Pitching From 56 Feet

Standard pitching distance in ASA is 50 feet. For safety reasons, some leagues allow the pitcher to stand up to six feet behind the pitching plate.

Here's how that extra six feet affects the game: 

For the Batter

1. Flatter pitches. The farther the pitching distance, the flatter the arc, even when the height of the arc remains the same. Just think of pitching a 12-foot arc from 3 feet away from the plate - the ball would be falling almost straight down. The farther back the pitcher goes, the flatter that 12-foot arc becomes. For most batters, the flatter the pitch, the easier the ball is to hit squarely.

2. The ball comes across the plate faster, because the pitcher has to throw it harder to cover the extra distance. The speed differential means that the ball comes off the bat about one mph faster. This extra mile per hour gives a long fly ball about 3 1/2 feet more distance. 

3. Though it seems that it would take longer for the ball to get to the batter, it does not. Because the pitcher has to throw it harder (i.e. faster) to cover the extra distance. In both cases (50 feet and 56 feet), it takes the ball about 1.55 seconds to get to the plate. 

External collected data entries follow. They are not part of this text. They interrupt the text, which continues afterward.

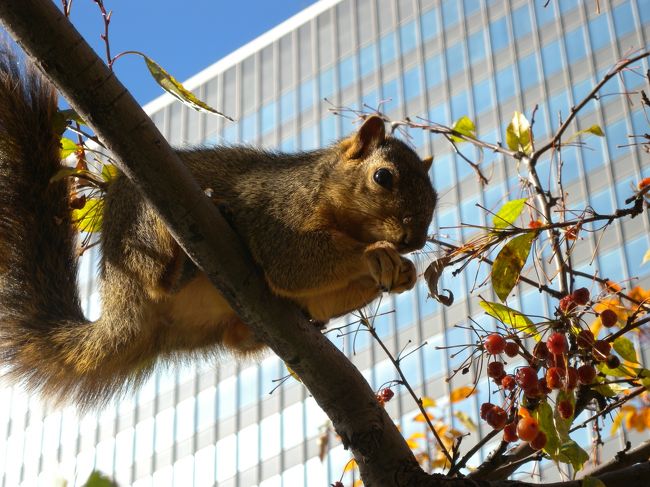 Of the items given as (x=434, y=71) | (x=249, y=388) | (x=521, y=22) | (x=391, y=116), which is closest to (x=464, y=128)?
(x=521, y=22)

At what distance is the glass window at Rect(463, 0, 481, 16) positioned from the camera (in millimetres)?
33281

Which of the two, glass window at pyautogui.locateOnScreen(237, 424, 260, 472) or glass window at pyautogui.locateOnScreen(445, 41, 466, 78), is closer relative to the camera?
glass window at pyautogui.locateOnScreen(237, 424, 260, 472)

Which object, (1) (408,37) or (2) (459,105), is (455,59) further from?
(1) (408,37)

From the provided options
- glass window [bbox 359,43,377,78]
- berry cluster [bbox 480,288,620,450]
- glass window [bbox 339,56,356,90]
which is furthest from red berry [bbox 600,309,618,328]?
glass window [bbox 339,56,356,90]

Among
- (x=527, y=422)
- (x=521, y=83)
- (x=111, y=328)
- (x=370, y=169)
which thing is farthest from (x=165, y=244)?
(x=521, y=83)

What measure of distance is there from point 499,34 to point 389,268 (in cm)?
3014

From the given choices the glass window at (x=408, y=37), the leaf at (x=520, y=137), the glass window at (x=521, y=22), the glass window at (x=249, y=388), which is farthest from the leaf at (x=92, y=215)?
the glass window at (x=408, y=37)

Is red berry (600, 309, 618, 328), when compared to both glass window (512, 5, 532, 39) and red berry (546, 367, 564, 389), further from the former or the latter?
glass window (512, 5, 532, 39)

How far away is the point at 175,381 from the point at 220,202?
104ft

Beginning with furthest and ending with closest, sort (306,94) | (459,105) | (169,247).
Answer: (306,94), (459,105), (169,247)

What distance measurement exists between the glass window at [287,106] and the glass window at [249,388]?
31.0 feet

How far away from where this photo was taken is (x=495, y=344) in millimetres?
2713

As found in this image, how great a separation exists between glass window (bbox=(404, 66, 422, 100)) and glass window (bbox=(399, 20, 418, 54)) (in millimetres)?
1017

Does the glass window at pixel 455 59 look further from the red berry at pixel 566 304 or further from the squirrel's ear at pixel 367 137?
the red berry at pixel 566 304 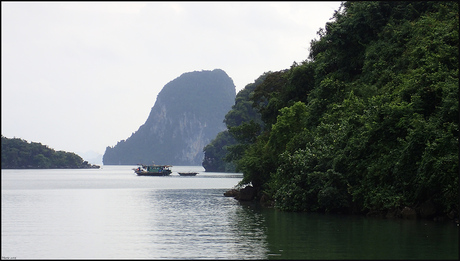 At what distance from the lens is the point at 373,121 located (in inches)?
1438

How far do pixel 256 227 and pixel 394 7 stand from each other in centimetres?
2804

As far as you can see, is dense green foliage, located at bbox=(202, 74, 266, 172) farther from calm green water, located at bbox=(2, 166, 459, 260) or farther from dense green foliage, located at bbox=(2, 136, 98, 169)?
dense green foliage, located at bbox=(2, 136, 98, 169)

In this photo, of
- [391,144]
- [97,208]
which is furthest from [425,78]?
[97,208]

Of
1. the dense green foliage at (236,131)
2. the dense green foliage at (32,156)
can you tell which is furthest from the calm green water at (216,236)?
the dense green foliage at (32,156)

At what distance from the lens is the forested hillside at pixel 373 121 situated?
3253 cm

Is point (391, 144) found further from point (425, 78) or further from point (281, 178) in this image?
point (281, 178)

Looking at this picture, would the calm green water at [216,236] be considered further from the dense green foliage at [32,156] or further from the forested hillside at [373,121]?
the dense green foliage at [32,156]

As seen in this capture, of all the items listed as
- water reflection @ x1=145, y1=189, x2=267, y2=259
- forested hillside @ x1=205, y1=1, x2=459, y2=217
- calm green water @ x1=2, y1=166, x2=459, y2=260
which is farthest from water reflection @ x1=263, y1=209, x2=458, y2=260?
forested hillside @ x1=205, y1=1, x2=459, y2=217

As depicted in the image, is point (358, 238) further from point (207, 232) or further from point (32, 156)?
point (32, 156)

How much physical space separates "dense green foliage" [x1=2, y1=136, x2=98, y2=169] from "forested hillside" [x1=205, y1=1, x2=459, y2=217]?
225 feet

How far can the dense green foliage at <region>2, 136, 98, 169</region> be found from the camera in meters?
117

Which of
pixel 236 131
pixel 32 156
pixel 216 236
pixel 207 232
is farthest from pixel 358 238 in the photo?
pixel 32 156

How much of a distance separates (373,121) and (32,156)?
112620 millimetres

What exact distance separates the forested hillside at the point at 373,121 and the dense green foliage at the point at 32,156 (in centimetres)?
6859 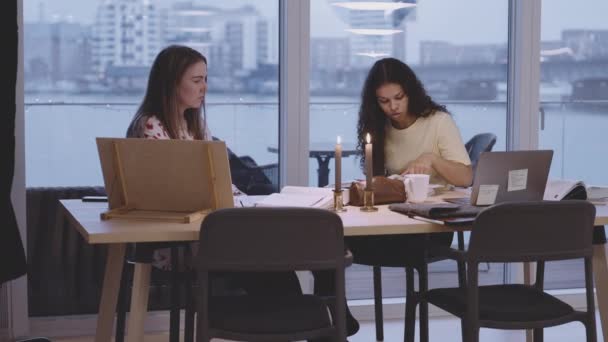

If you ever took a college physics class, you probably saw the demonstration where a marble is dropped from a fixed height, and another marble at the same height is shot sideways at the same time. They both hit the ground at the same time, showing that the time it takes an object to fall to earth is the same whether it drops straight down or is moving sideways as it falls. Similarly, the time it takes a softball to get from the pitcher to the plate is the same as long as its maximum height is the same, regardless of the horizontal distance covered. (I verified this with physics-of-baseball professor Alan Nathan). 

For the Pitcher

1. More time to get out of the way of a line drive (because you are six feet farther away from the batter to start with); fewer injured pitchers.

2. More time to get into position to field the ball; fewer grounders past the pitcher.

3. For pitchers who throw curves and knuckleballs, the extra speed and flatter arc of the longer pitch will make the ball move more.

4. More walks, because it is more difficult to throw strikes because of the extra distance.